Petisi Brawijaya, Jakarta – Wakil Menteri Dalam Negeri Bima Arya menjelaskan penundaan pelantikan kepala daerah demi prinsip kesetaraan. Dikutip dari laman Kementerian Pendayagunaan Aparatur Negara dan Reformasi Birokrasi (KemenPANRB), pelantikan kepala daerah awalnya dijadwalkan dilaksanakan pada Kamis, 6 Februari 2025. Kepala daerah yang terpilih tersebut nantinya akan dilantik oleh Presiden Prabowo Subianto di Istana Kepresidenan, Jakarta.
Namun, dikarenakan beberapa daerah lainnya masih dalam proses sengketa di Mahkamah Konstitusi (MK), sehingga jadwal pelantikan kepala daerah diundur dari jadwal yang telah ditetapkan sebelumnya.

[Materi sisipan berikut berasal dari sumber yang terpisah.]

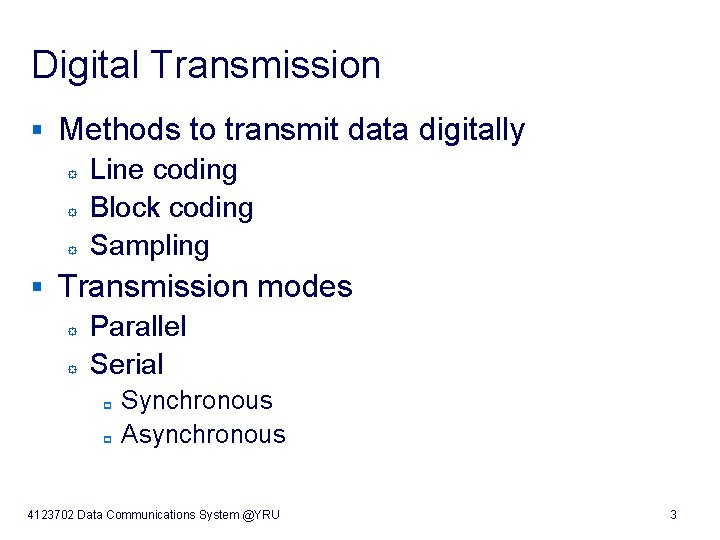 Digital Transmission § Methods to transmit data digitally ° Line coding ° Block coding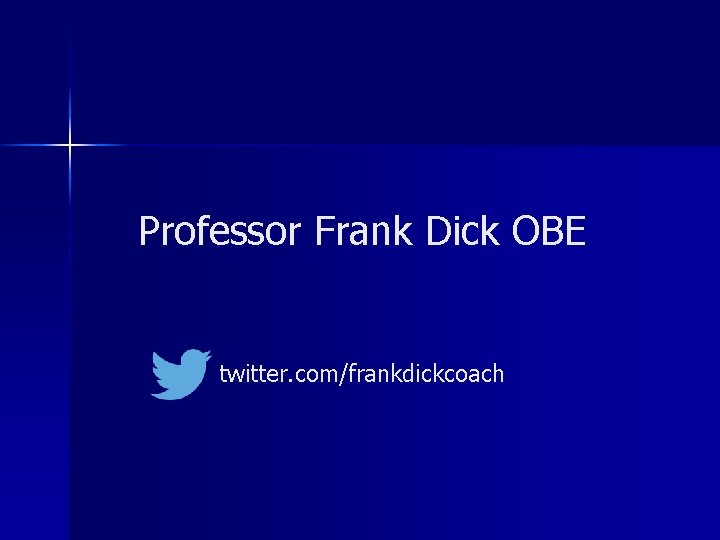 Professor Frank Dick OBE twitter. com/frankdickcoach 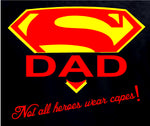 Super Dad not all heroes wear capes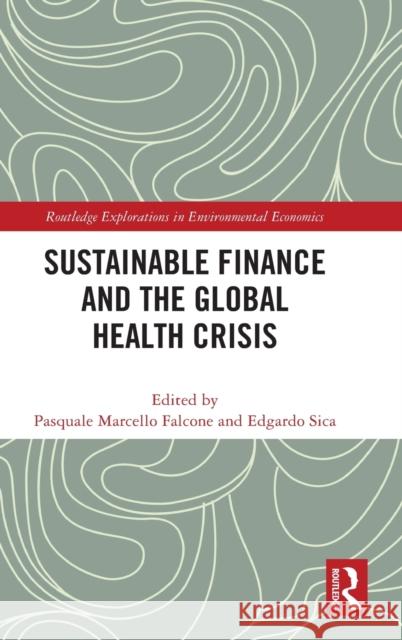 Sustainable Finance and the Global Health Crisis: Building a More Sustainable, Resilient and Social Economy Pasquale Marcello Falcone Edgardo Sica 9781032257228 Routledge - książka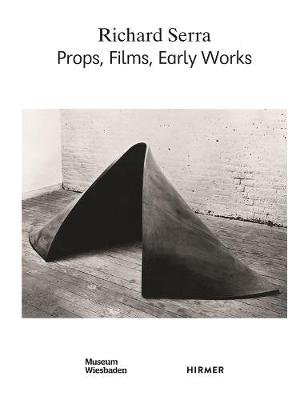 Richard Serra. Props, Films, Early Works фото книги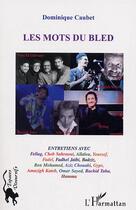 Couverture du livre « Les mots du bled - entretiens avec fellag, cheb sahraoui, allalou, fadhel jaibi, baaziz, aziz chouak » de Dominique Caubet aux éditions Editions L'harmattan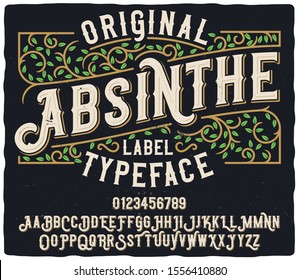 Vintage labe typeface named Original Absinthe. Unique and strong font for any label, logo, poster etc.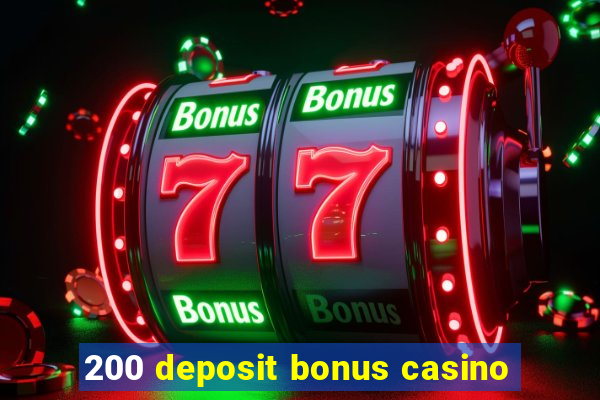 200 deposit bonus casino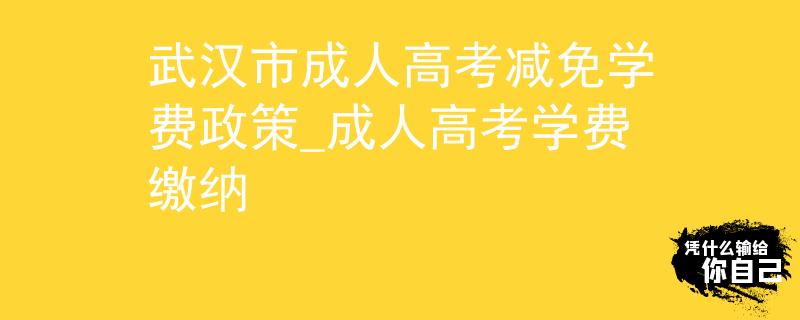 武汉市成人高考减免学费政策_成人高考学费缴纳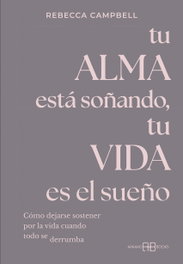 Tu alma está soñando, tu vida es el sueño, Rebecca Campbell - ARKANO BOOKS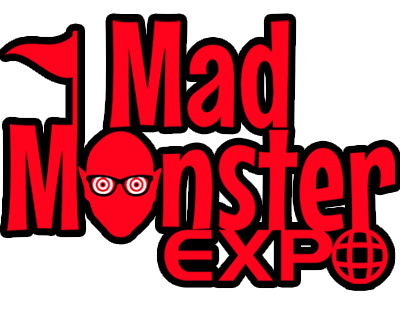 Mad Monster Expo - Horror and Pop Culture Convention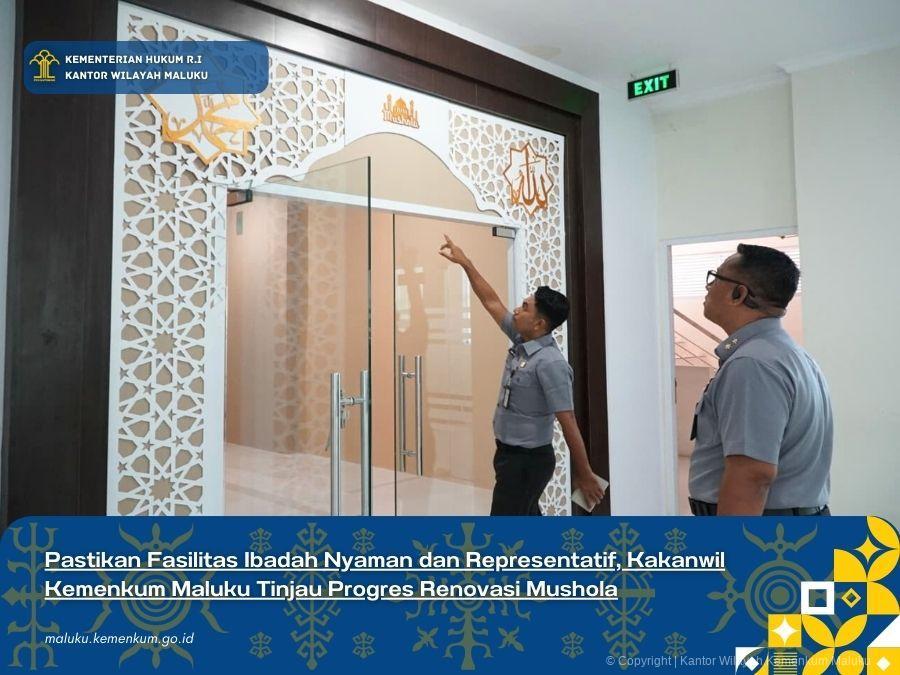 Pastikan_Fasilitas_Ibadah_Nyaman_dan_Representatif_Kakanwil_Kemenkum_Maluku_Tinjau_Progres_Renovasi_Mushola.jpg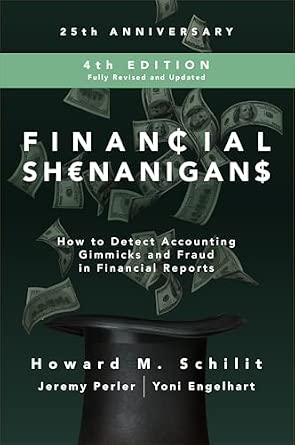 Financial Shenanigans: How to Detect Accounting Gimmicks and Fraud in Financial Reports 4th Edition-Wow! eBook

Sebelumnya, Menteri Dalam Negeri Tito Karnavian mengatakan pelantikan kepala daerah terpilih hasil pemilihan kepala daerah serentak 2024 batal digelar pada 6 Februari 2025.
Tito menjelaskan bahwa alasan penundaan pelantikan tersebut karena Mahkamah Konstitusi (MK) memajukan jadwal pembacaan putusan sela atau dismissal permohonan sengketa perselisihan hasil pemilihan kepala daerah 2024. Karena itu, pemerintah menunggu pembacaan putusan Mahkamah Konstitusi terlebih dahulu.
Untuk diketahui, putusan dismissal sengketa Pilkada Serentak 2024 di MK akan dilaksanakan pada 4-5 Februari 2025.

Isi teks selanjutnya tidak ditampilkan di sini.